窗口函数语法结构: 函数名(参数)OVER(PARTITION BY 子句 ORDER BY 子句 ROWS/RANGE子句)
函数名:
OVER: 关键字,说明这是窗口函数,不是普通的聚合函数;
子句
PARTITION BY: 分组字段
ORDER BY: 排序字段
ROWS/RANG窗口子句: 用于控制窗口的尺寸边界,有两种(ROW,RANGE)
ROW: 物理窗口,数据筛选基于排序后的index
RANGE: 逻辑窗口,数据筛选基于值
主要有以下三种窗口函数
ranking functions
analytic functions
aggregate functions
窗口函数一般用来
1、我们需要统计用户的总使用时长(累加历史)
2、前台展现页面需要对多个维度进行查询,如:产品、地区等等
3、需要展现的表格头如: 产品、2015-04、2015-05、2015-06
over()开窗函数的默认关键字
开窗的窗口范围:
over(order by sroce range between 5 preceding and 5 following):窗口范围为当前行数据幅度减5加5后的范围内的。
over(order by sroce rows between 5 preceding and 5 following):窗口范围为当前行前后各移动5行。
与over()函数结合的函数的介绍无敌的肉包
在使用聚合函数后,会将多行变成一行,而开窗函数是将一行变成多行;
并且在使用聚合函数后,如果要显示其他的列必须将列加入到group by中,而使用开窗函数后,可以不使用group by,直接将所有信息显示出来。
开窗函数适用于在每一行的最后一列添加聚合函数的结果。
开窗函数作用
为每条数据显示聚合信息.(聚合函数() over())
为每条数据提供分组的聚合函数结果(聚合函数() over(partition by 字段) as 别名)
--按照字段分组,分组后进行计算
与排名函数一起使用(row number() over(order by 字段) as 别名)
常用分析函数:(最常用的应该是1.2.3 的排序)
聚合函数
row_number() over(partition by ... order by ...)是根据表中字段进行分组,然后根据表中的字段排序;其实就是根据其排序顺序,给组中的每条记录添
加一个序号;且每组的序号都是从1开始,可利用它的这个特性进行分组取top-n
rank() over(partition by ... order by ...)
dense_rank() over(partition by ... order by ...)
count() over(partition by ... order by ...)
max() over(partition by ... order by ...)
min() over(partition by ... order by ...)
sum() over(partition by ... order by ...)
avg() over(partition by ... order by ...)
first_value() over(partition by ... order by ...)
last_value() over(partition by ... order by ...)
比较函数
lag() over(partition by ... order by ...) #比较函数
lead() over(partition by ... order by ...)

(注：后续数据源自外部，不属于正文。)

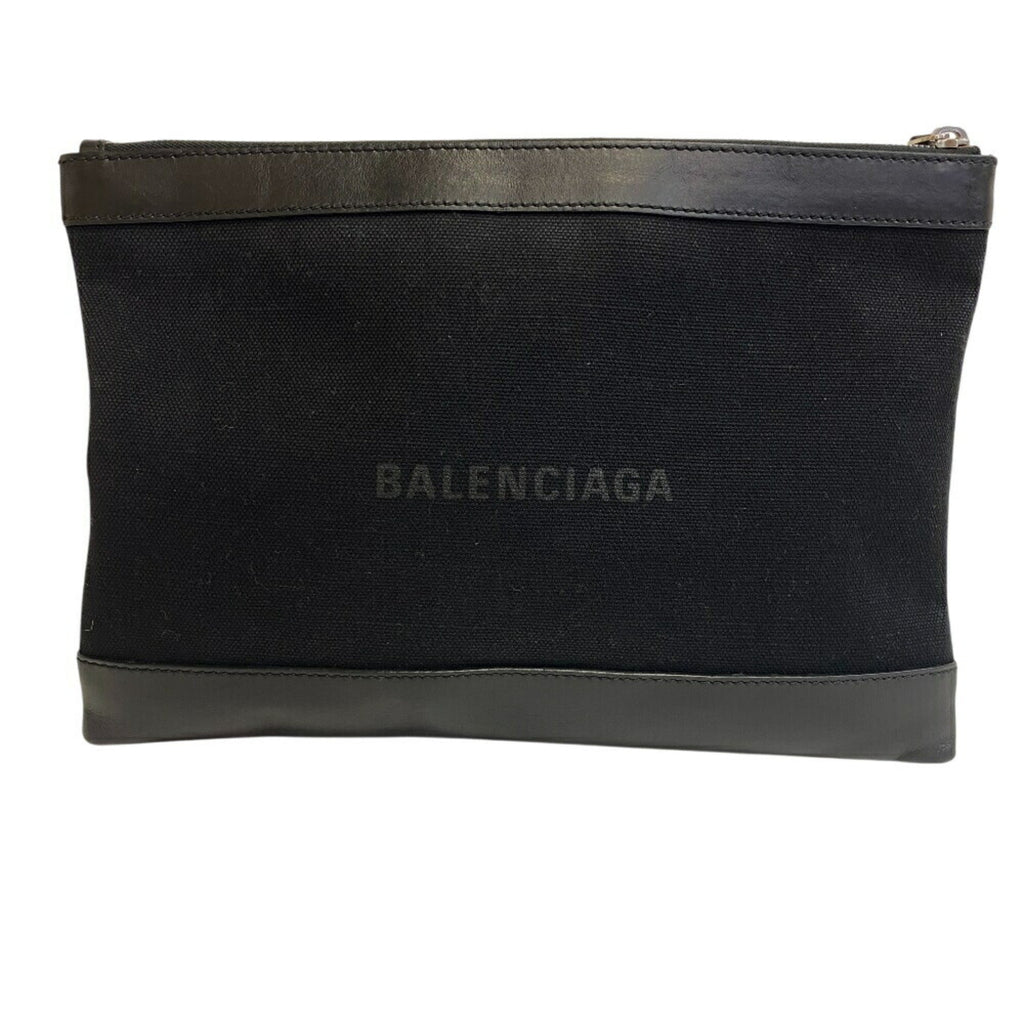 Balenciaga Black Leather Canvas Clutch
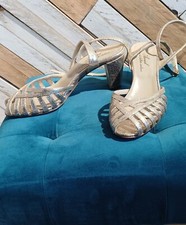 scarpe donna con tacco Anniel Gladiator Oro Chiaro Tacco 7 N°38 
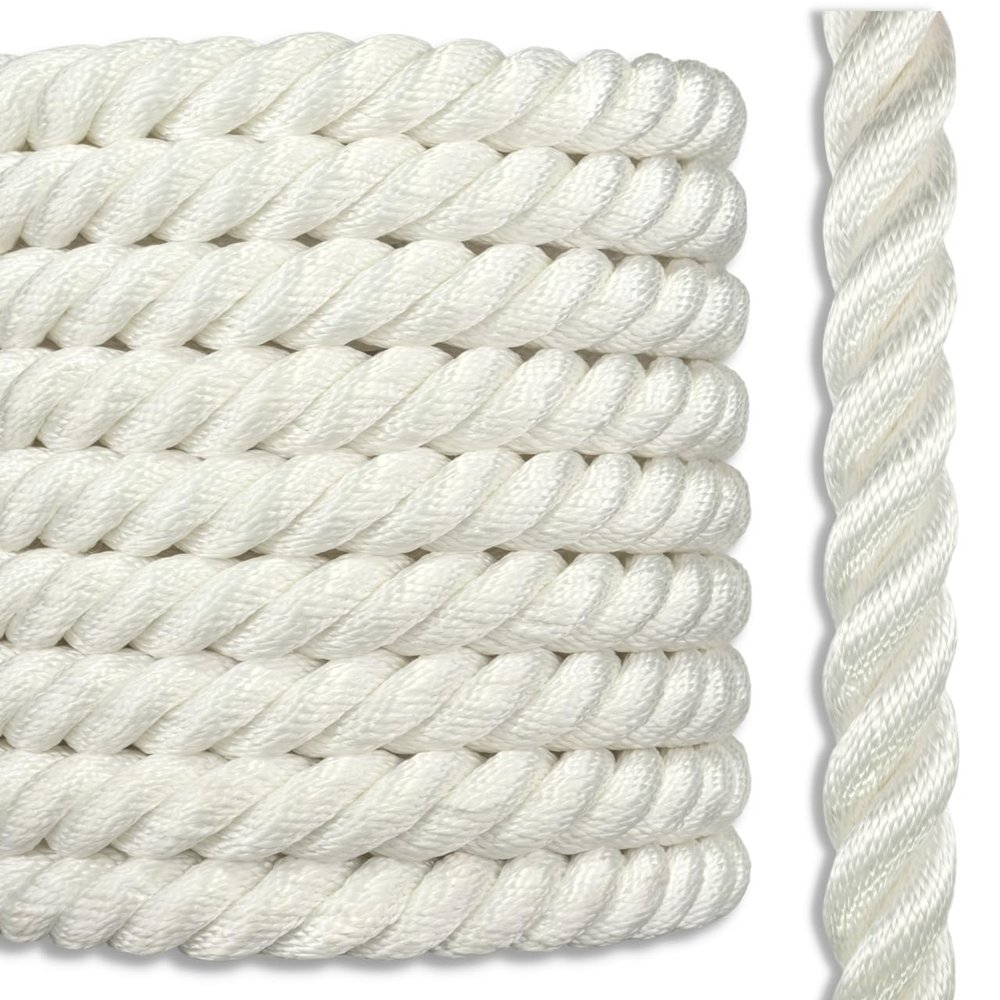 Twisted 100% Nylon Rope | 4 Stage, 3-Strand High-Strength Anchor Line, Dock Line | 1 1/2 inch x 75 feet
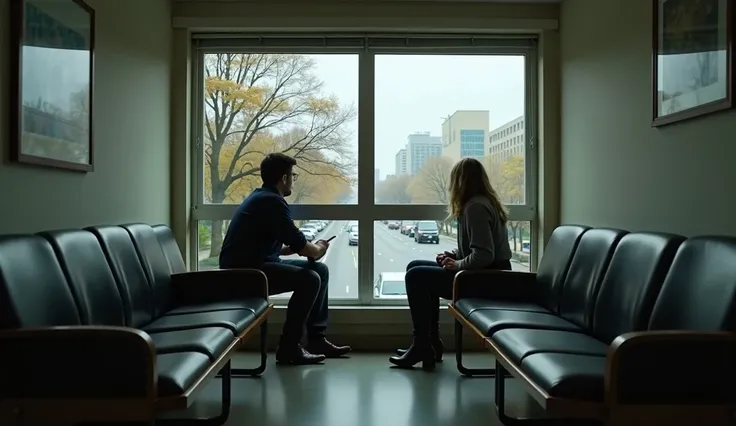  A simple place , like a waiting room ,  with the camera showing small details of the environment.  A person near a window watching the movement of the street. Street movement occurs one floor below where you are looking.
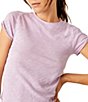 Color:Lilac Bouquet - Image 5 - Be My Baby Cotton Crew Neck Short Sleeve Distressed Asymmetrical Hem Shirt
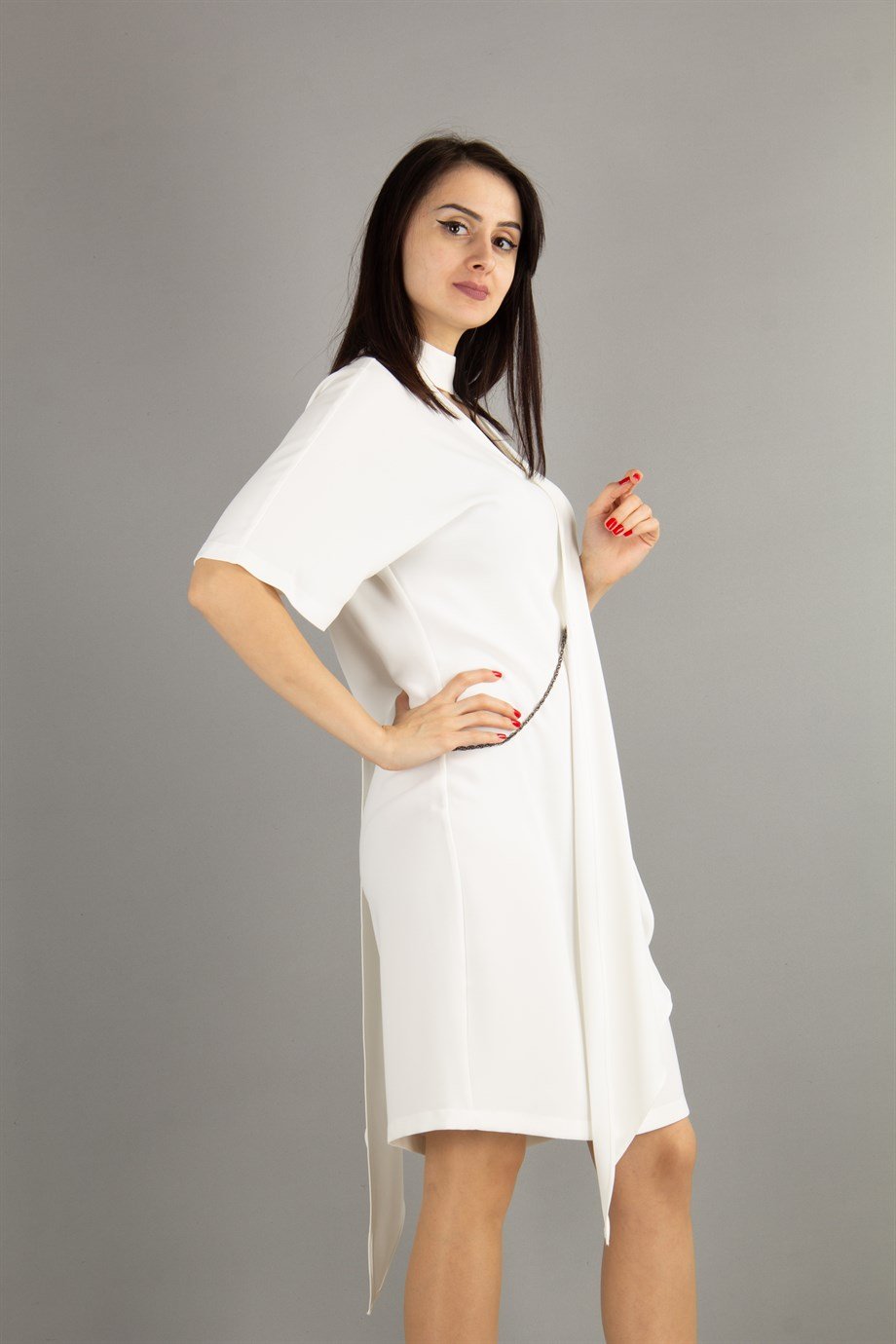 Draped Big Size Dress With Chain - White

lag 和lead 可以获取结果集中,按一定排序所排列的当前行的上下相邻若干offset 的某个行的某个列(不用结果集的自关联);
lag ,lead 分别是向前,向后;
lag 和lead 有三个参数,第一个参数是列名,第二个参数是偏移的offset,第三个参数是超出记录窗口时的默认值
SQL实现
query = """
SELECT
ROW_NUMBER() OVER (ORDER BY time) AS row,
train_id,
station,
time,
LEAD(time,1) OVER (ORDER BY time) AS time_next
FROM schedule
"""
spark.sql(query).show()
# Give the number of the bad row as an integer
bad_row = 7
# Provide the missing clause, SQL keywords in upper case
clause = 'PARTITION BY train_id'
点表示法dataframe实现
聚合函数
# Give the identical result in each command
spark.sql('SELECT train_id, MIN(time) AS start FROM schedule GROUP BY train_id').show()
df.groupBy('train_id').agg({'time':'min'}).withColumnRenamed('min(time)', 'start').show()
# Print the second column of the result
spark.sql('SELECT train_id, MIN(time), MAX(time) FROM schedule GROUP BY train_id').show()
result = df.groupBy('train_id').agg({'time':'min', 'time':'max'})
result.show()
print(result.columns[1])
Using Python version 3.5.2 (default, Nov 23 2017 16:37:01)
SparkSession available as 'spark'.
<script.py> output:
+--------+-----+
|train_id|start|
+--------+-----+
| 217|6:06a|
| 324|7:59a|
+--------+-----+
+--------+-----+
|train_id|start|
+--------+-----+
| 217|6:06a|
| 324|7:59a|
+--------+-----+
+--------+---------+---------+
|train_id|min(time)|max(time)|
+--------+---------+---------+
| 217| 6:06a| 6:59a|
| 324| 7:59a| 9:05a|
+--------+---------+---------+
+--------+---------+
|train_id|max(time)|
+--------+---------+
| 217| 6:59a|
| 324| 9:05a|
+--------+---------+
max(time)
sql语句的形式
# Write a SQL query giving a result identical to dot_df
query = "SELECT train_id, MIN(time) AS start, MAX(time) AS end FROM schedule GROUP BY train_id"
sql_df = spark.sql(query)
sql_df.show()
<script.py> output:
+--------+-----+-----+
|train_id|start| end|
+--------+-----+-----+
| 217|6:06a|6:59a|
| 324|7:59a|9:05a|
+--------+-----+-----+
# Obtain the identical result using dot notation
dot_df = df.withColumn('time_next', lead('time', 1)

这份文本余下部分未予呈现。